Risk Management


As anyone who has worked for a company or organisation of any size in the modern era will know, Health & Safety looms large and holds sway. This is no bad thing in and of itself - working practices in foundries were pretty much a guarantee of personal injury well into the twentieth century: some of the stories the old man told me were exceedingly hairy to say the least, often the youngest members of the workforce being employed to perform some of the most hazardous tasks on the grounds of speed and agility.

One tale of Dad's springs to mind: the unfortunate school-leaver (between twelve and fourteen years of age) working in a strip-rolling mill whose job it was to catch the end of the strip of hot steel as it emerged from the last of the rollers and engage it with a revolving capstan to coil the thing up. Bear in mind that by the time the initially slowly progressing billet emerged from the final reduction rollers, it would have been moving at thirty miles per hour and more than cherry-red-hot: one slip and the consequences would be too horrific to contemplate. Fourteen-year-old armed only with iron tongs and no PPE versus high-speed hot metal.

Which brings me to a point of sorts. Although working practices such as these should never, ever see the light of day again; we do seem in the last couple of decades to have crossed a risk management rubicon of some sorts. When my son was in secondary school (high school to you modern types), the only engineering/crafting taught was the laughingly named Craft, Design & Technology; CDT for short. This consisted in keeping our children as far away from sharp, moving or hot things as possible and hence teaching them bugger-all about the use of tools: a woeful state of affairs that, knowing myself well, I've referred to before, I'm sure.

I've had conversation via email recently with my old school friend Phil Edwards about metalwork teaching in our school back in the 1960's. We both attended what was intended and designed to be a Technical School - a school to produce engineers - and we both have fond memories of our metalwork classes in particular. In these classes we learned the full gamut of engineering practice, using everything from basic hand tools to forging, brazing, soldering, lathe & milling work and so on: all involving hot sharp things or rapidly moving and potentially dangerous machinery.

Our first lessons were essentially basic safety and setting out, hand-filing and tinplate work, gradually progressing to more sophisticated processes in a natural progression, as in an apprenticeship. I was reminded today of one process that we were taught and carried out in one of the two very well equipped engineering shops at school.
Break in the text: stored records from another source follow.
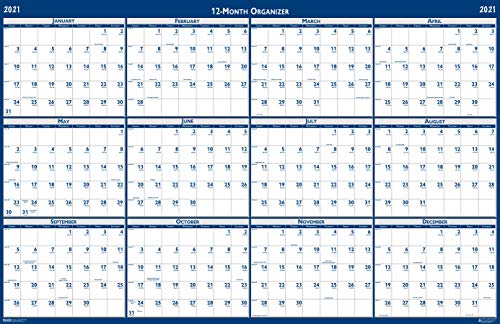 0040983396431 - HOUSE OF DOOLITTLE 2021 LAMINATED WALL CALENDAR, REVERSIBLE, HORIZONTAL/VERTICAL, 66 X 33 INCHES, JANUARY - DECEMBER (HOD3962-21)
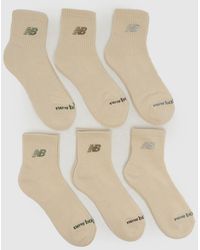 New Balance - Ankle Embroidered Sock 6 Pack - Lyst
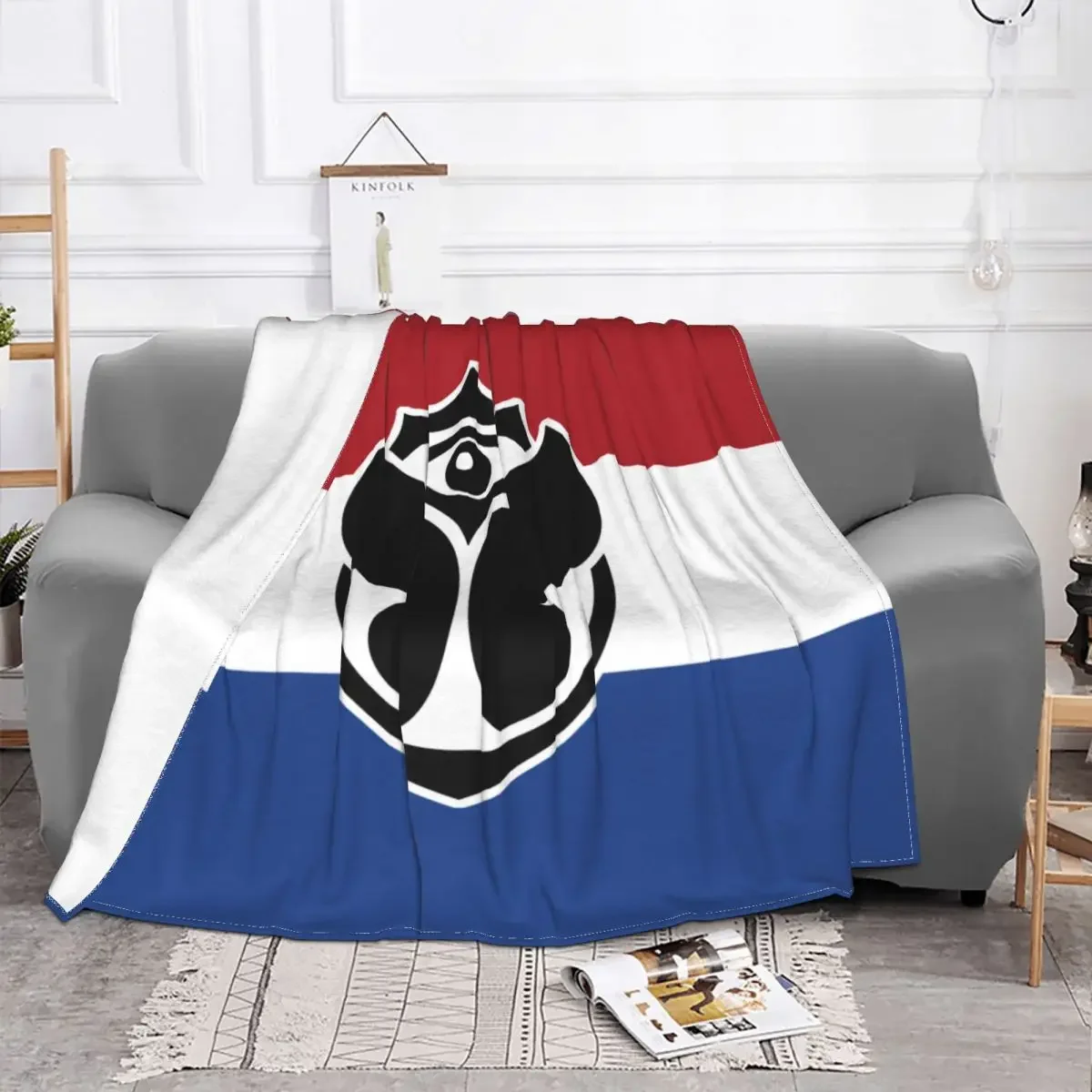 Tomorrowlands Flags Fleece Blanket Belgian Electronic Dance Novelty Throw Blankets for Home Hotel Sofa 150*125cm Quilt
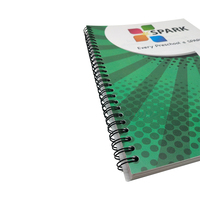 Carnet de notes mensuel/hebdomadaire A4/A5 à spirale, couverture rigide en PP/papier, écologique, avec logo personnalisé, lignage collège, 80 feuilles – Prix usine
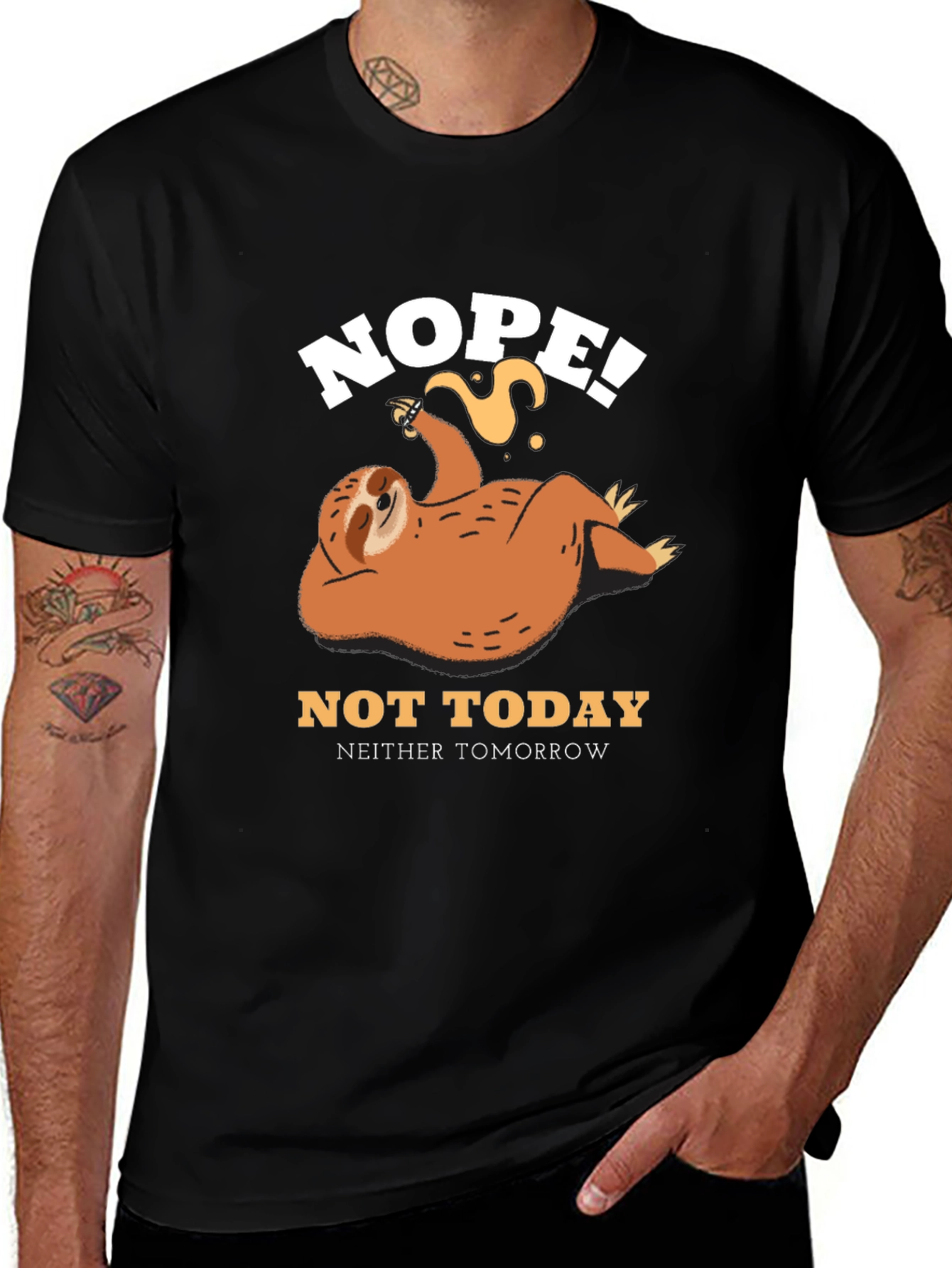 Nope Not Today Sloth Graphic Tee
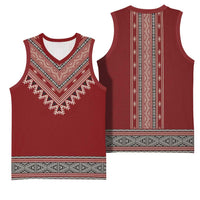 Tunisian Embroidery Pattern Basketball Jersey - Wonder Print Shop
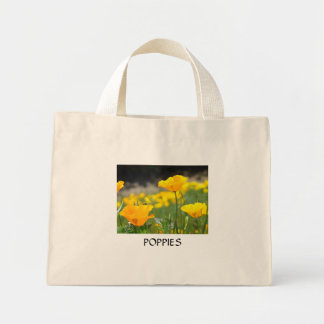 VALLMOPOR VALLMO Blommor HANDLETAT BAG LIVRÄNSELDU Mini Tygkasse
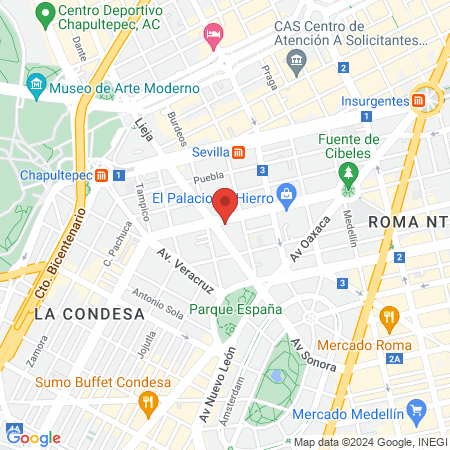 Dr. Alberto David Christy Santiago map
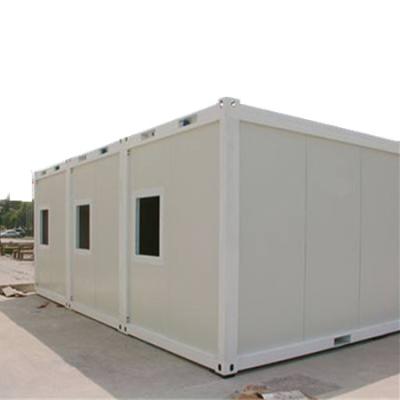 China Parking Lot Low Cost 20ft Prefab Flat Pack Container Houses for sale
I've been sorting through - as I think I've mentioned - Dad's collection of Model Engineer magazines, culling useful articles from their annals. This afternoon, I came across an article - aimed at schools - on case-hardening.

This process adds extra carbon to the surface of machined steel to add wear resistance, and consists in it's simplest form of coating the surface to be hardened with a paste flux, then ground Potassium Ferrocyanide, heating the piece to cherry-red and then quenching in cold water. I remember the afternoon we were taught this in Mr. George's workshop. The principal safety instruction was 'Make sure you don't breathe in the fumes, lads - not good for you...' I somehow think that might not pass muster these days. 

But the point is, none of us died or were seriously injured - even minor injuries were very rare, such was the quality of the teaching, and most of us have had the benefit of a lifetime of being unafraid of using machine tools and indeed enjoying the [now] luxury of knowing how to learn to use new and unfamiliar tools and techniques because of the basic training that we got in school. I just hope that we can at least get back some perspective on the risk management side of things needed to effect this much-needed style of education. Without basic engineering skills and knowledge, the world as we know it would grind to a resounding halt with no-one left to repair/remake/remodel the machines we now rely on, should they all cease to function.